Shanghai Cooperation Organization (SCO) is an intergovernmental organization of eight regional countries i.e., China, Russia, Kazakhstan, Turkmenistan, Uzbekistan, Tajikistan, Pakistan and India. The two subcontinental states became members of the Shanghai Cooperation Organization in June 2017. The inclusion of Pakistan and India contributed toward qualitatively strengthening the Organization in terms of broadening its scope. That said, this article focuses on the significance of territorial disputes among regional countries in determining the success/failure of SCO. It also looks into SCO goals, and declarations through the prism of liberal paradigm. The liberal school of thought suggests that if interests of the members of an institution are similar to one another, the institution may help them cooperate with one another and help achieve some degree of peace and security in the shared region. Moreover, in the age of globalization, issues are not limited to a single nation; they are transnational in nature, and therefore, need regional and international responses, that increases the importance of regional and international organizations. However, SCO is also seen as an organization of rivals that have more often than not competing interests in the Eurasian region. Although all the member states of SCO may agree on the basic objectives of the organization, that is, countering the three evils of extremism, terrorism and separatism, yet their interpretation of these threats may be different, if not contrary to each other. Moreover, bilateral disputes among some of the member states are not discussed, let alone resolved, in the SCO setup. Therefore, the principles that the charter of this Organization promotes, i.e. mutual respect for sovereignty and territorial integrity of member states are highly laudable objectives. However, they are difficult to follow in the real world, where states tend to have competing interests. It would be interesting to see how SCO plays its role in resolving the issues of separatism and territorial disputes after the inclusion of Pakistan and India, who invariably blame each other of undermining security.

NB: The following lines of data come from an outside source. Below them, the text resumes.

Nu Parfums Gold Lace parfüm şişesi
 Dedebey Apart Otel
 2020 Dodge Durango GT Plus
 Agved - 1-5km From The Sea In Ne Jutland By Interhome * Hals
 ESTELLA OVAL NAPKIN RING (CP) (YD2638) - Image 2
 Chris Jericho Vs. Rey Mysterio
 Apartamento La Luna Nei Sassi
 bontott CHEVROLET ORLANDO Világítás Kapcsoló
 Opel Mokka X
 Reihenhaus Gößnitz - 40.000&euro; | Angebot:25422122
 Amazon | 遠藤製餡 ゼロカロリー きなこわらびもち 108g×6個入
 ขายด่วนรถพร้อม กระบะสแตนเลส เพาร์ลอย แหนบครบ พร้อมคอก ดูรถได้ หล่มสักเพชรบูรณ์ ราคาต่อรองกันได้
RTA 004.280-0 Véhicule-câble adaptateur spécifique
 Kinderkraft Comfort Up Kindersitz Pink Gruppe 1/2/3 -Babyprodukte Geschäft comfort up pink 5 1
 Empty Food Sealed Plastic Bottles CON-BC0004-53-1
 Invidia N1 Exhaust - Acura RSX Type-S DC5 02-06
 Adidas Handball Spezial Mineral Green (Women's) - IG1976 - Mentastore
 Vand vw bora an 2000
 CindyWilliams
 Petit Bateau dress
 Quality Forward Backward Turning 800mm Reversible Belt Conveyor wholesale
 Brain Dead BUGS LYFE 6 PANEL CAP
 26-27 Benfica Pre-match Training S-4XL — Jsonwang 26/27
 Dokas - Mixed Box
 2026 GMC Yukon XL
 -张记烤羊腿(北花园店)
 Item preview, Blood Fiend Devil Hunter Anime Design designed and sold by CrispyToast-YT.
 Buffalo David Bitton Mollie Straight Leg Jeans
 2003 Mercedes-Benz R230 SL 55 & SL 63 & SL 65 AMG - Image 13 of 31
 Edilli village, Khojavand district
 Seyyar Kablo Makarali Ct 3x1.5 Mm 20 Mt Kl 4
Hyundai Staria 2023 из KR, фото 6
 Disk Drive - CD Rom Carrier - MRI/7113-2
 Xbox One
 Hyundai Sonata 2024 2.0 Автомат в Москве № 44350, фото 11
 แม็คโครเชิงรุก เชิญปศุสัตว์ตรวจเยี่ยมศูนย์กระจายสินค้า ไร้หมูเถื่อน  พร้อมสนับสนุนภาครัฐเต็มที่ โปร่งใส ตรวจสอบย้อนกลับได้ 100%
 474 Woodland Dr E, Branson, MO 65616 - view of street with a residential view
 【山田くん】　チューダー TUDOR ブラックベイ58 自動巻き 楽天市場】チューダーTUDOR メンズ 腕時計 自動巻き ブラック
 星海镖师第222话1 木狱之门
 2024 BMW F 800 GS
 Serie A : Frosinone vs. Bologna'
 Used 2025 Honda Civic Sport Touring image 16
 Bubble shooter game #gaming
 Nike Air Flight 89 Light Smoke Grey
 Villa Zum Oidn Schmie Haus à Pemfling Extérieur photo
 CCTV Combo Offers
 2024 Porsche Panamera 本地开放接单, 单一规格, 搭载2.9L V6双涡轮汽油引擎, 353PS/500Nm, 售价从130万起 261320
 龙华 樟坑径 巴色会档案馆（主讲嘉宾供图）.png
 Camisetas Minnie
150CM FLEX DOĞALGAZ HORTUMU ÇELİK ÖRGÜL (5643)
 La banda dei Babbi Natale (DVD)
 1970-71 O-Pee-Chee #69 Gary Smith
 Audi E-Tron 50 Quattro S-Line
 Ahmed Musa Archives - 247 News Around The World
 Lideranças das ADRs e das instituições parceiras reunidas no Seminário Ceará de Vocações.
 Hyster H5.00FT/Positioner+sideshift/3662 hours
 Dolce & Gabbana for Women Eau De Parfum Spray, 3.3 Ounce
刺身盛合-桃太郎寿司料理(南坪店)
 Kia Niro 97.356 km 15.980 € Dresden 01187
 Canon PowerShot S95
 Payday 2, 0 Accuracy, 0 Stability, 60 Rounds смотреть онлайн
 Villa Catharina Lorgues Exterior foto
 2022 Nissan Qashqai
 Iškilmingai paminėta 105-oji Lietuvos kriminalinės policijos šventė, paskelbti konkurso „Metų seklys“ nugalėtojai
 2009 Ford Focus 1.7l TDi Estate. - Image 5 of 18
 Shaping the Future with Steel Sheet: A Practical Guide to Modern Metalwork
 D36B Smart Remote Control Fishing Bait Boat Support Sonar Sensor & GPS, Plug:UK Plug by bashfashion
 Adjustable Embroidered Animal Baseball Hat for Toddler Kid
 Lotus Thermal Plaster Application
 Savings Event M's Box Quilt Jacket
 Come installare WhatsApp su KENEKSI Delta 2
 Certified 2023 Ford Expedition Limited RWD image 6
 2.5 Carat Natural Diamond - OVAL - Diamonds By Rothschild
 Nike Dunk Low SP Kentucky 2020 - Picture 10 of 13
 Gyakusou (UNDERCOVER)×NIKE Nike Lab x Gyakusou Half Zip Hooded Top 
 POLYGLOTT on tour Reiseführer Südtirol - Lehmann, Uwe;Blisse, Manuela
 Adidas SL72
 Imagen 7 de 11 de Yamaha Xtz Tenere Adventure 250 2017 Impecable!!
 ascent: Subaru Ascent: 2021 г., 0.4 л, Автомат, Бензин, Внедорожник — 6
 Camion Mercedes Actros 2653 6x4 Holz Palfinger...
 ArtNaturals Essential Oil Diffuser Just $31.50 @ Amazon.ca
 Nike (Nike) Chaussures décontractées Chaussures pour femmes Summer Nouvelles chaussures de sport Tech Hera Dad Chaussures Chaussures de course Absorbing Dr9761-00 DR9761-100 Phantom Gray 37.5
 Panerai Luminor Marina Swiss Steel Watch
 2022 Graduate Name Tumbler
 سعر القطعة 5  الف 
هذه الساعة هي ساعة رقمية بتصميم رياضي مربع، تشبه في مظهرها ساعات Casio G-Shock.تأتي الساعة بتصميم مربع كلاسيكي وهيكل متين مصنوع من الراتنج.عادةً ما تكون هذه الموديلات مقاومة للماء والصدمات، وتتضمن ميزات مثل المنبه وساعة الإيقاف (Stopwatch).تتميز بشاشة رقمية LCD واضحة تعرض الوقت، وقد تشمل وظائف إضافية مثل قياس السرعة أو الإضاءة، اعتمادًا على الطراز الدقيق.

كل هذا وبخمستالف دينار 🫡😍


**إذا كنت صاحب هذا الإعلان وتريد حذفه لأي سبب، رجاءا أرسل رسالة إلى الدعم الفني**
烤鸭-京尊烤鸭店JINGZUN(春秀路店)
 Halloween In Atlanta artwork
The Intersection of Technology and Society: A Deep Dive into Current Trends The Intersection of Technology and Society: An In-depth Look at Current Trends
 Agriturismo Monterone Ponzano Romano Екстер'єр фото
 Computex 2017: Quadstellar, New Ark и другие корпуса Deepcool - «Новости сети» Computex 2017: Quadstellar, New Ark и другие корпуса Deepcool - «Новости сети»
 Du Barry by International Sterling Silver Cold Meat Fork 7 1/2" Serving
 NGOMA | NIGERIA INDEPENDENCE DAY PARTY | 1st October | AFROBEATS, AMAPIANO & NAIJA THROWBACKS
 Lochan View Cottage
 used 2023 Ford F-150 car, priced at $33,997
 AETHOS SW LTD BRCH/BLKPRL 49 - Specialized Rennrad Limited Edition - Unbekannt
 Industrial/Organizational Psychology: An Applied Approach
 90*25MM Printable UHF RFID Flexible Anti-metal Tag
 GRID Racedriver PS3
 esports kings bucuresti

Various incidents of terrorism in India, in particular, the 2008-Mumbai attacks, have provided New Delhi to project Islamabad as sponsors of the cross-border terrorist attacks. The allegations have never been proven though in any court of law, and India, according to Pakistani authorities, has refused to cooperate on investigations of the incident. After becoming a member of SCO, India may hope to get Kashmir issue recognized as a terrorist activity. As has been the case in the Sino- Indian history of dialogues over disputed territories, both the countries may at some point of time in the future agree with the status quo in India’s north-western (Himachal Pradesh, Sikkim, etc.) and the north-eastern borders (Arunachal Pradesh) abutting China.
India may take advantage of SCO platform to undermine the position of Pakistan on terrorism and the Jammu and Kashmir issue. However, Pakistan has successfully dealt with the menace of terrorism on its own territory, but it continues to face the challenge of cross-border terrorism as well as the support that Balochi insurgents receive through the western border from Indian intelligence agencies working there. It is no empty propaganda. One of India’s serving senior naval officers, Kulbhushan Yadav, is in Pakistan’s custody who confessed to Indian Research and Analysis Wing (RAW) involvement in terrorism across Pakistan and fomenting insurgency in Balochistan province in particular. Moreover, the presence of some of the fugitive elements of the Tehrik-e-Taliban Pakistan (TTP) and the Islamic State in Afghanistan pose threats to Pakistan and the whole region in general.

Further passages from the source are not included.